The Hillside Ranch farm has operated for more than 45 years. Stevenson said her father, owner John Stevenson, typically grew mainly malt barley for a major brewer, and some alfalfa for dairies. He started growing more hard red and soft white wheat in the past couple of years in anticipation of the mill opening. The farm has 80 acres of winter wheat in the ground and probably will plant another 80 acres this spring.
“Idaho is a great grain-growing state,” Brett Stevenson said. “I wanted to be able to process some of our own grain, and to be able to utilize our grain more directly.”
Features of the Hillside Grain facility include a Netherlands-made stone mill about five feet in diameter, a sifter, grain cleaner, bagging machine and custom control panel.

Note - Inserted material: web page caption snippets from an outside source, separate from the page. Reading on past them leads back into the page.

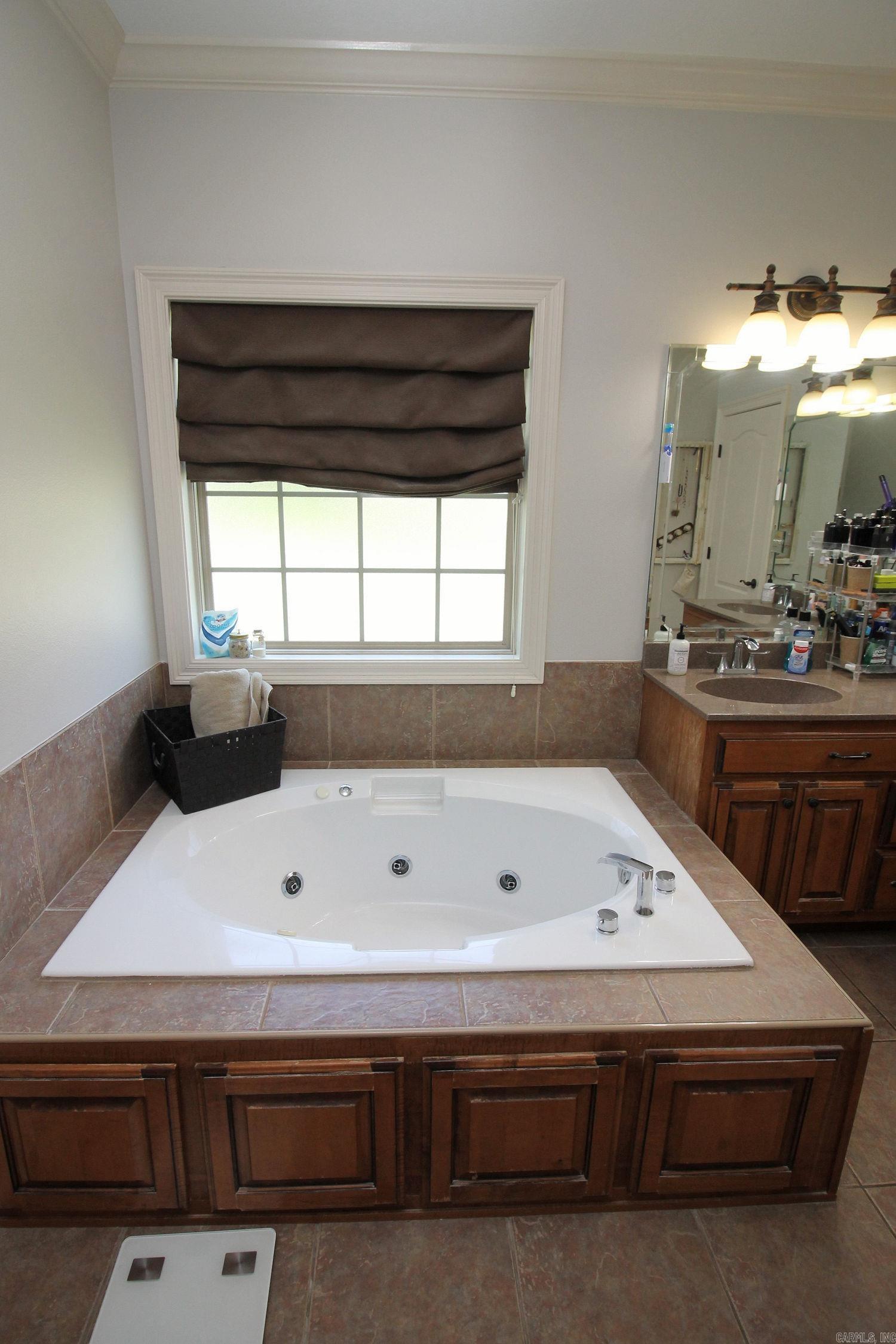 Fairway Oaks - Residential
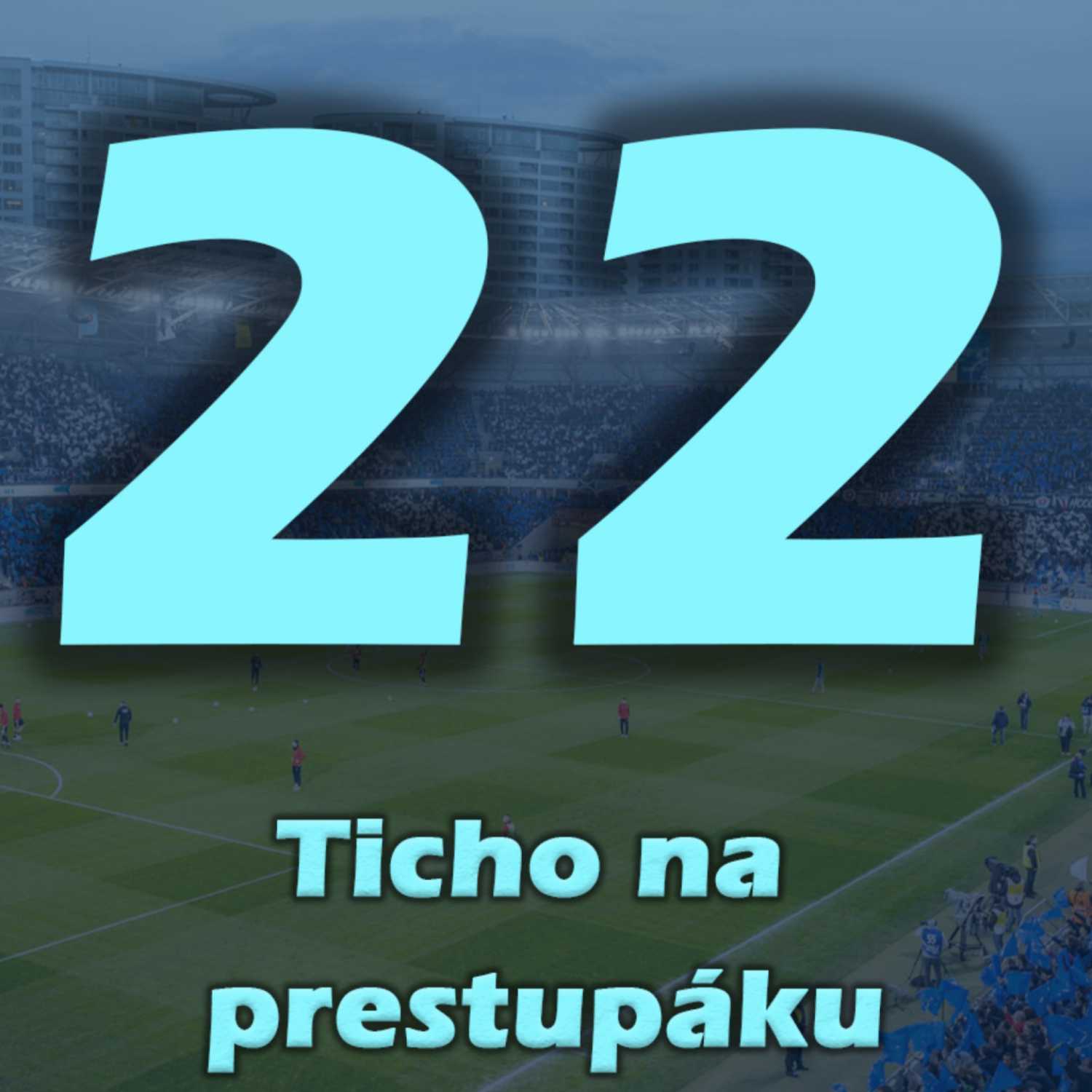 SLOVAN BRATISLAVA PODCAST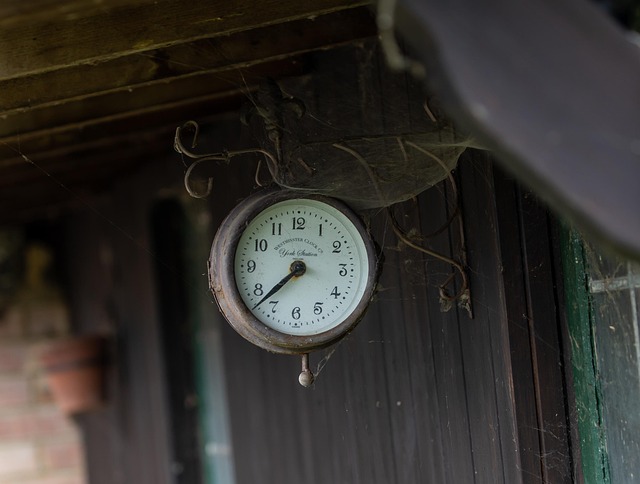 stable times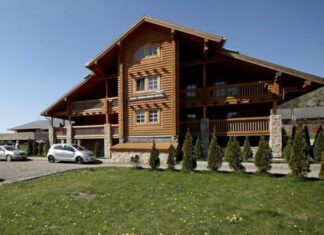 A Szent Orbán Erdei Wellness Hotel arany minősítést kapott Szent Orbán Erdei Wellness Hotel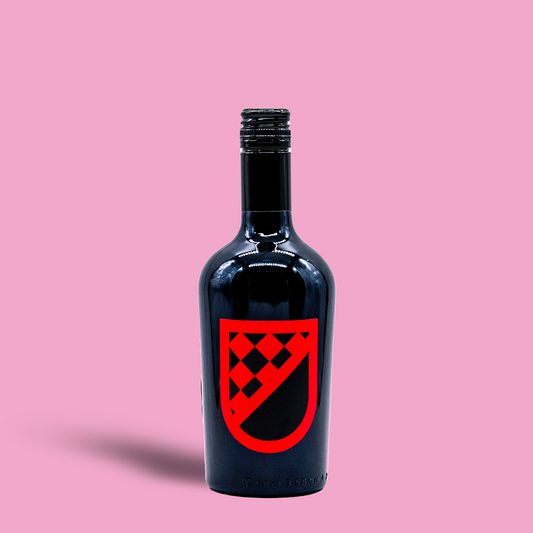 Visciola Cherry Wine - Lucchetti 2019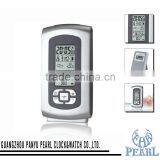 Pearl Radio Controlled Clock PR404 Withi Weather Station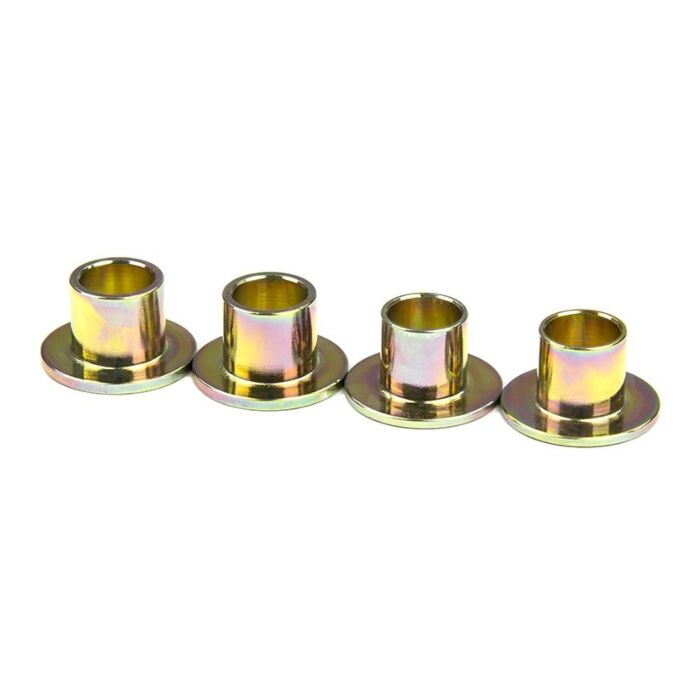 Tegiwa Aluminium Subframe bushings (Civic 92-95/Del sol 92-98/Integra 95-00) | T-4015014 | A4H-TECH.COM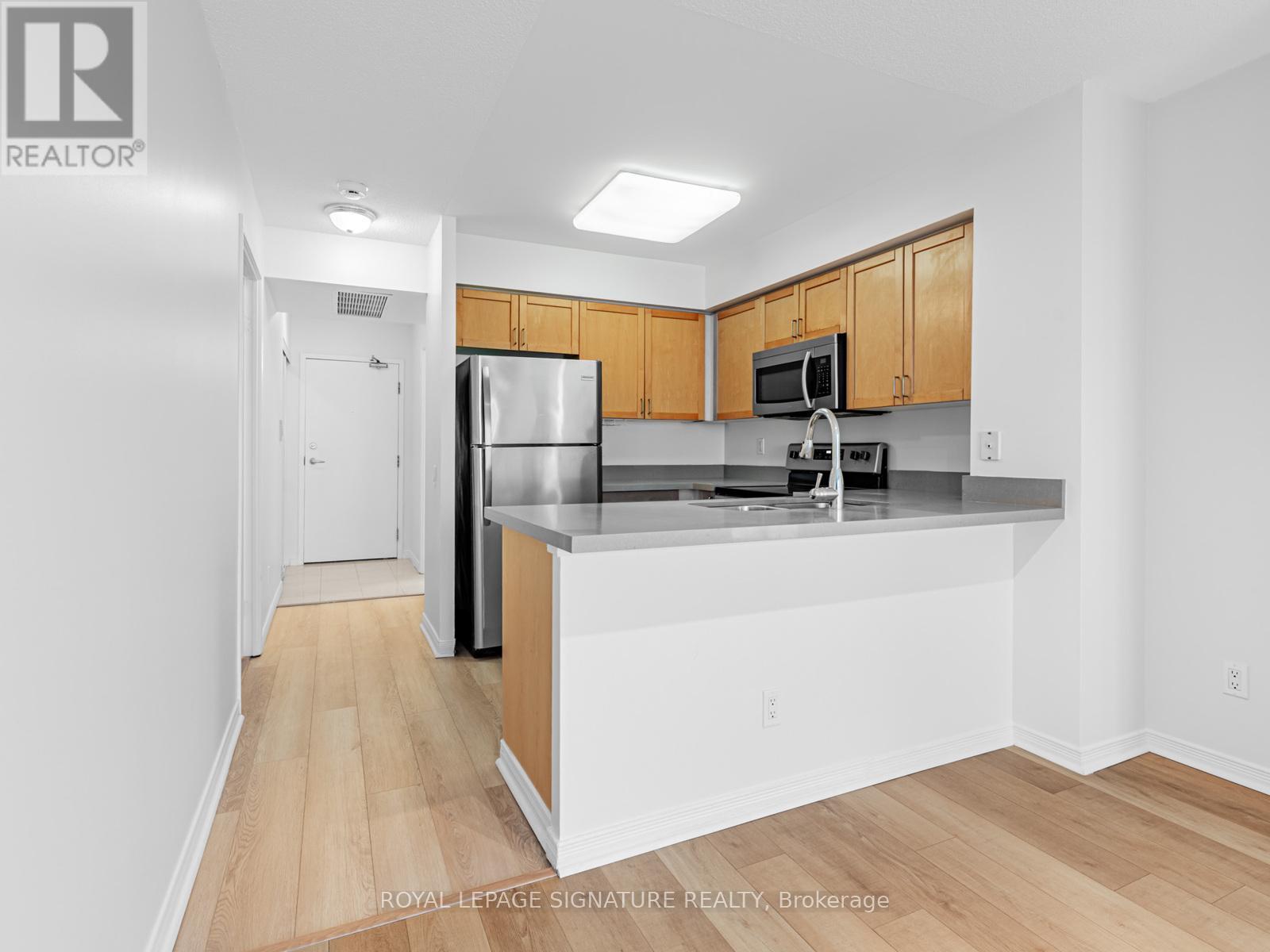 2306 - 30 Harrison Garden Boulevard, Toronto, Ontario  M2N 7A9 - Photo 3 - C12827742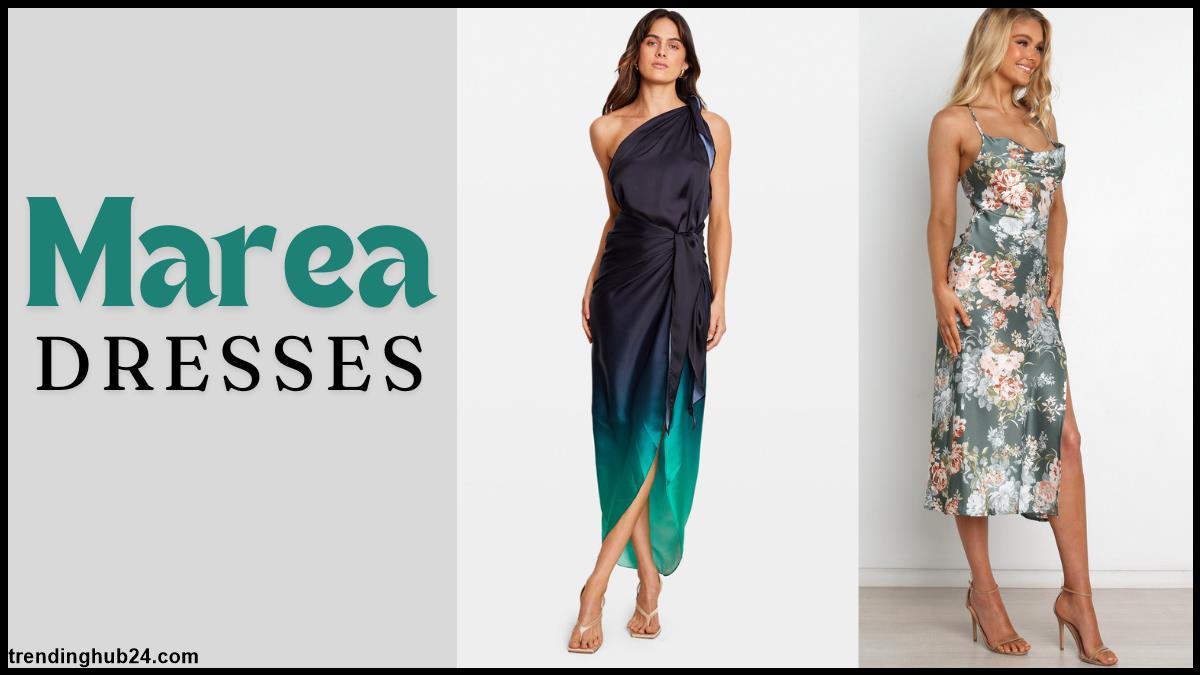 Lastest Fashion starts with Marea Dresses.jpg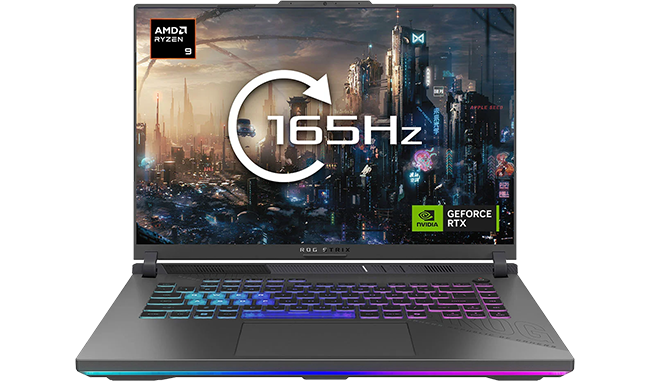 ROG Strix G16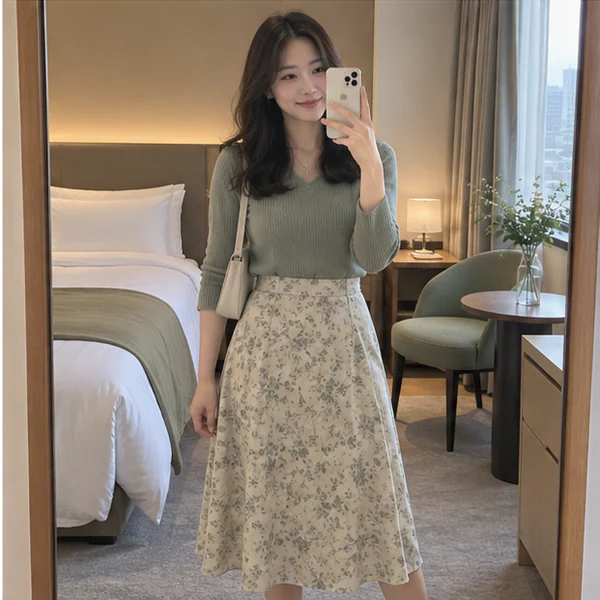 가든 하니라운지 홈타이 안내 이미지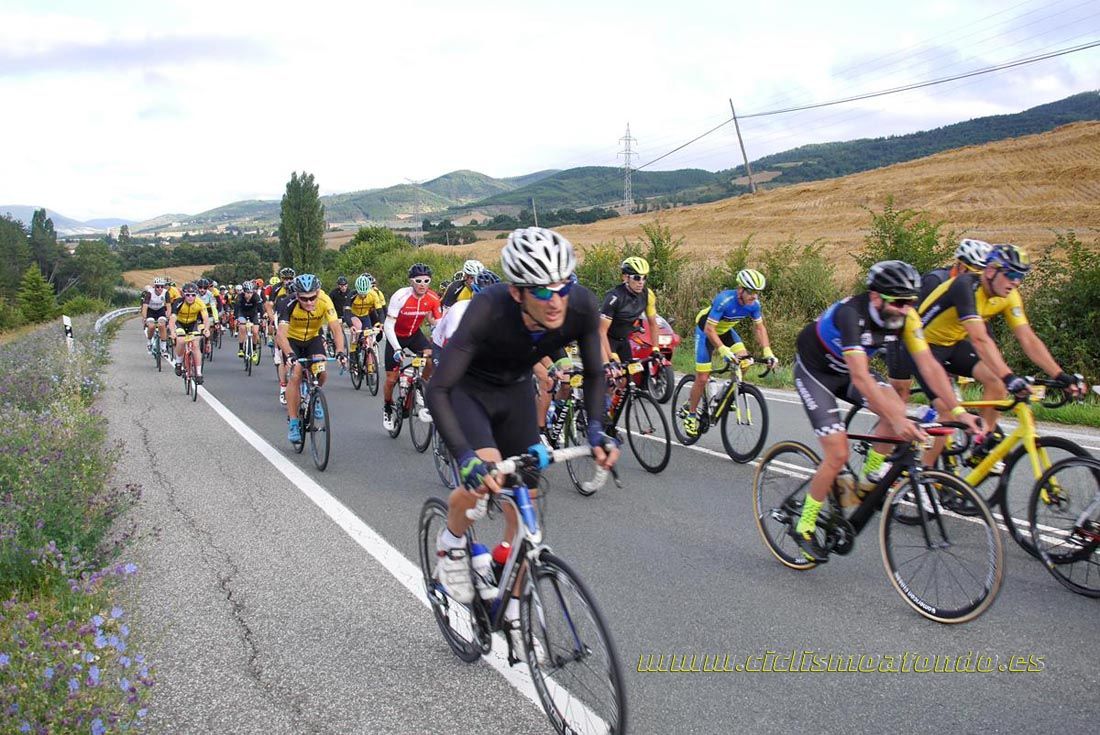 La Indurain 2018-1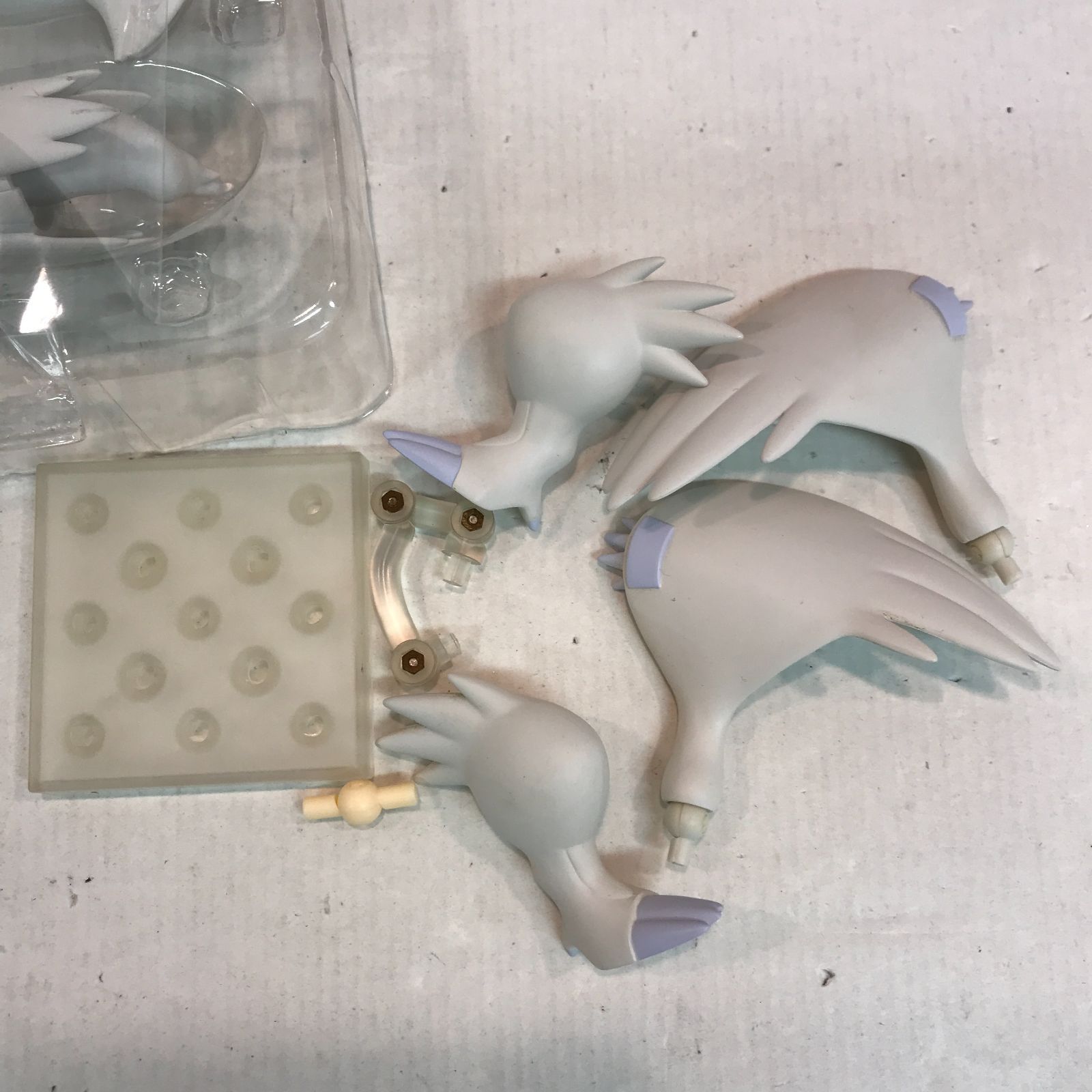 八戸第2-43-100] 難あり ねんどろいど 537 N - メルカリ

Production capacity of 1.5 million pounds per year provides room for growth.
The stone mill initially will produce mostly wheat flour, some barley flour and “berry” kernels that can be eaten.
The flour — which will retain the germ, have no additives and be made using sustainable practices — ideally will reflect “processing grain in a way that is more meaningful to consumers,” Stevenson said. “Consumers have more interest in local and regional food, and in transparency.”
Clientele is expected to be “local and regional first and foremost, mostly bakeries,” she said. “I anticipate there will be interest in our products from outside the region” eventually. The business has a social-media presence and soon plans to launch a website.
Stevenson, 40, earned a bachelor’s degree from the University of Colorado and a master’s degree from the University of Montana, both in environmental studies. She worked as a county planner and most recently ran a nonprofit.
“I was always trying to carve out more time to be involved in the farm,” she said. “I never quite found enough, so I quit my last job. I just saw a shortage of ways to process grain in southern Idaho.”
Part of Stevenson’s research for Hillside Grain led her to natural flours that she discovered were more flavorful and easier to digest than many mass-produced alternatives.
Former state barley commissioner Tim Dillin and his wife, Julie, have a flour mill on their farm north of Bonners Ferry, near the border with Canada. Marketing and logistics pose challenges given the site’s remoteness, but customers like the product.
“People like to know that you grow it and mill it,” Tim Dillin said. “They like to know the story of your farm.”